- INSTRUCTIONS TO FOLLOW
Each line of the data must be written out again verbatim; no image belongs in the copy.

- DATA BLOCK
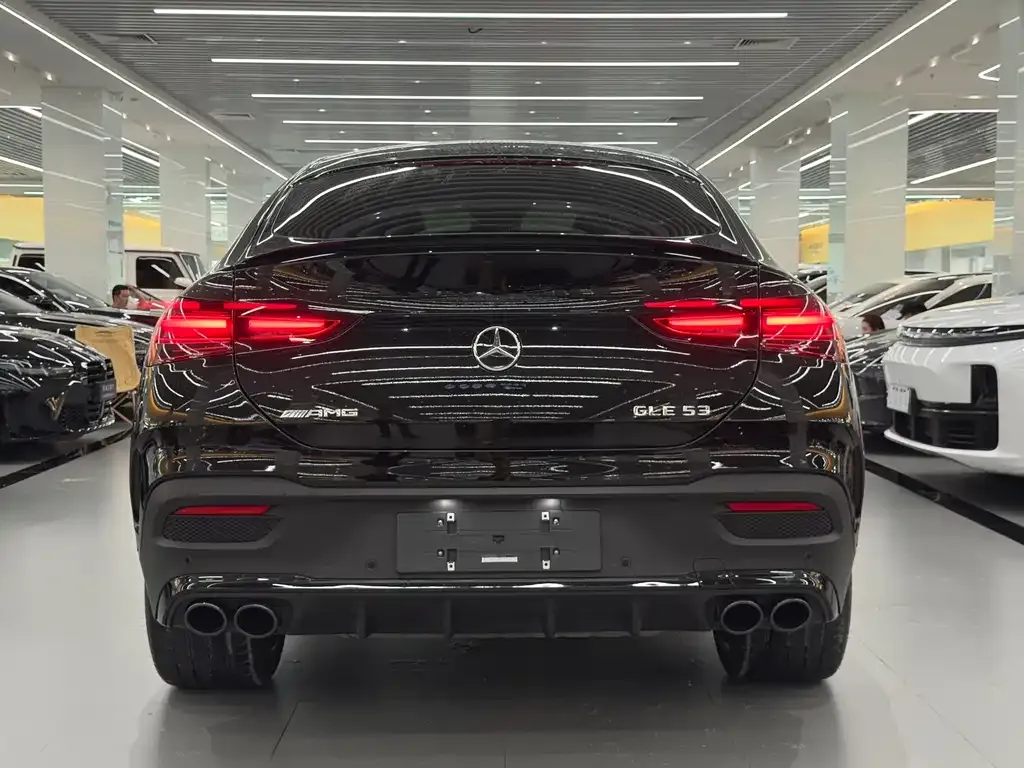Mercedes-Benz GLE Coupe AMG — фото 8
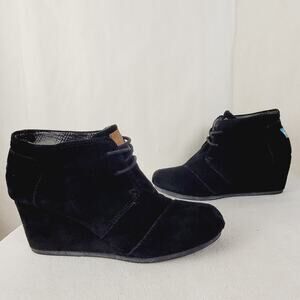 Toms Desert black suede wedge lace front bootie size 8 Retro Classic Cabin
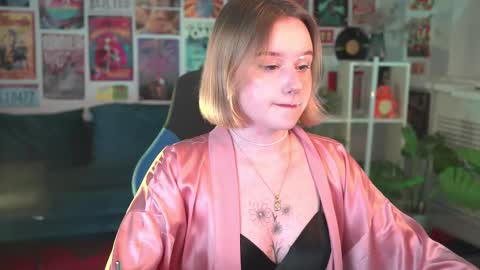 QUEEN OF EVIL online show from 27, 2, 2025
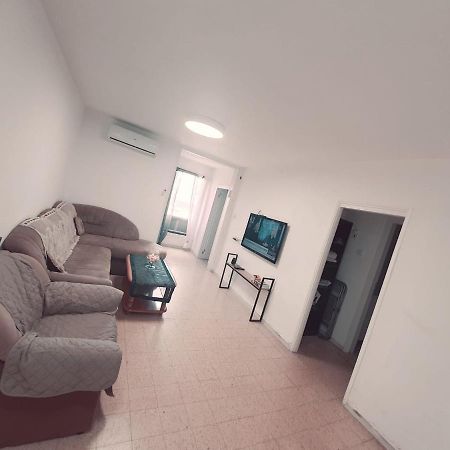 נוף לאגם הכנרת היפה והמרגיע Apartment Тиберия Екстериор снимка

- ANSWER SECTION
Mercedes-Benz GLE Coupe AMG — фото 8
 Toms Desert black suede wedge lace front bootie size 8 Retro Classic Cabin
 QUEEN OF EVIL online show from 27, 2, 2025
 נוף לאגם הכנרת היפה והמרגיע Apartment Тиберия Екстериор снимка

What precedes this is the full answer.